The Manhattan Project
Historian Spencer Weart explains that upon arriving in England with France’s supply of heavy water, Hans Halban and Lew Kowarski joined the British team conducting nuclear research. Kowarski remembers the dangers of Nazi bombing raids over Cambridge.
Narrator: After their arrival in England in June 1940, Hans Halban and Lew Kowarski worked on experiments using the heavy water that they had smuggled out of France. As Spencer Weart explains, the British were convinced that an atomic bomb was feasible and they were eager to enlist refugee scientists from Nazi-controlled Europe to prove it.
Spencer Weart: The British were the first people to recognize an atomic bomb was feasible, and feasible in time to affect the war. They would take any help they could get. They set up Halban and Kowarski with their heavy water to start doing more of the same kind of research that they had been doing.
Narrator: Lew Kowarski describes the importance of his work, and the frequent German bombing raids that took their toll on his Cavendish laboratory and citizens of Cambridge.
Lew Kowarski: Not everybody could stage the necessary experiments, which would convince the governments that heavy water should be manufactured.

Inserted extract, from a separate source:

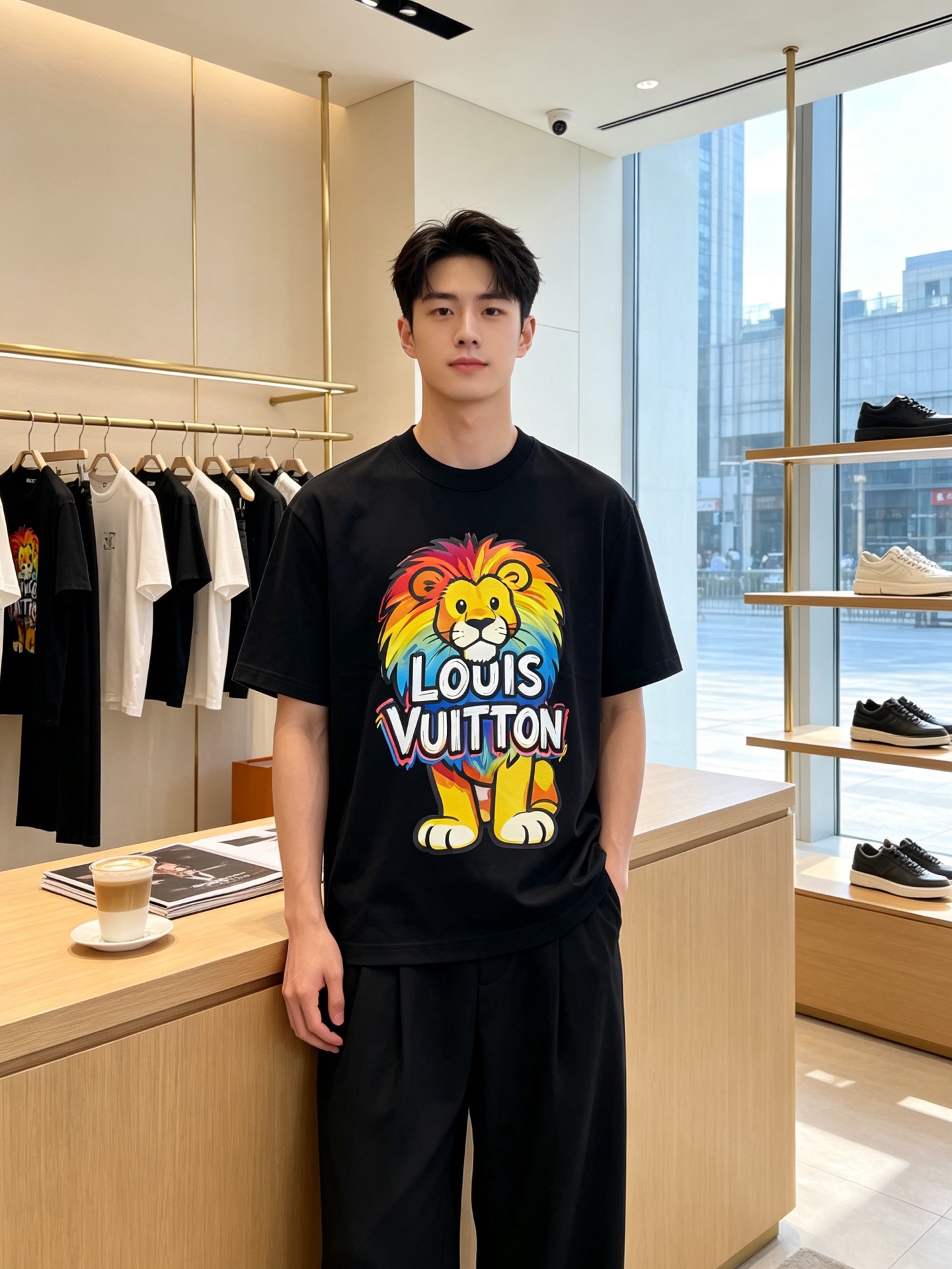 Louis Vuitton路易威登💥砸锅卖铁都要上的新款新款原单男士休闲短袖 高端定制 高端版本 时尚百搭爆款⚠️⚠️✨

Well, our experiment, we did, and with it convinced the British.
Cavendish—Cambridge was attacked as a retaliation for a British raid on Heidelberg. On that night, Cavendish received an incendiary bomb, which landed in a sink full of water. And yet in prior raids, earlier raids, before that big one, there was enough of them so that one physicist was killed at his home at night. But after that only raid, only I managed to get a bomb in the garden where I lived.
Phillippe Halban explains how his father travelled from London to Cambridge without a map.
Narrator: Lew Kowarski and Hans Halban both had foreign accents. For his father, says Phillippe Halban, this caused even the simplest exchanges to become cause for British suspicions.
Phillippe Halban: The hostility of the civil servants was actually totally misplaced, but it was so extreme. I remember my father telling this extraordinary story. He had to drive from London to Cambridge a few weeks after arriving in England to start his work there. He didn’t have a map of England, and no maps were available, or made available to him because he was suspect. I guess the civil servants thought he was going to send a cable to the Germans telling them how to get from London to Cambridge. I mean, it just seems totally, totally absurd.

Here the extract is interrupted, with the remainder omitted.